[Information provided]

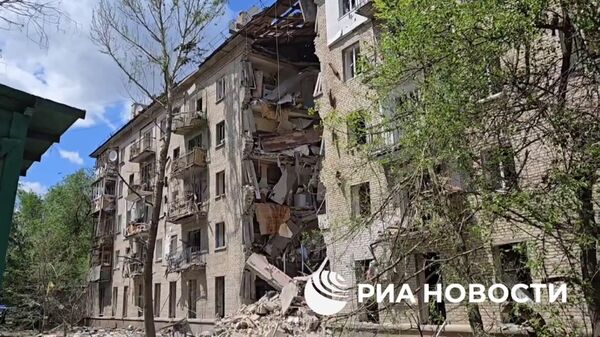 Последствия ракетного удара ВСУ по Луганску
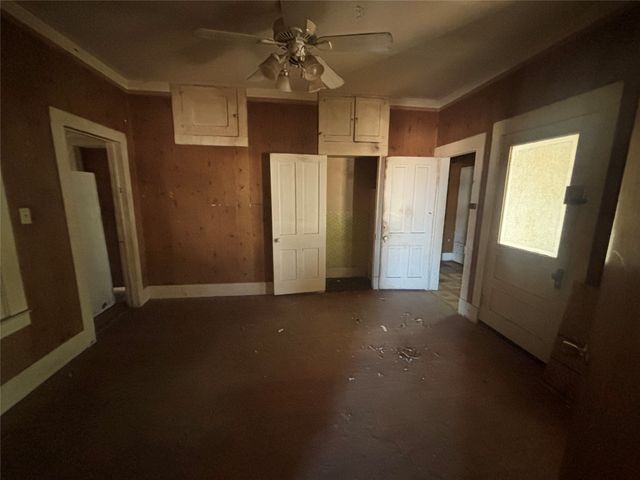 606 Avenue C, Brownwood, TX 76801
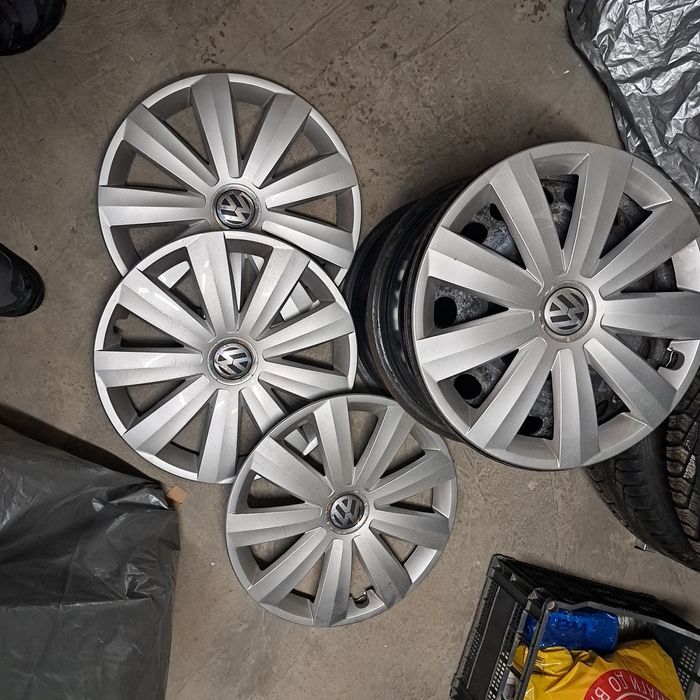 Оригинални тасове за пасат 16 цолови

[/Information provided]

**Exercise details:** When you write out the material above, keep every line exact and drop each picture.

**Finished exercise:**
 Последствия ракетного удара ВСУ по Луганску
 606 Avenue C, Brownwood, TX 76801
 Оригинални тасове за пасат 16 цолови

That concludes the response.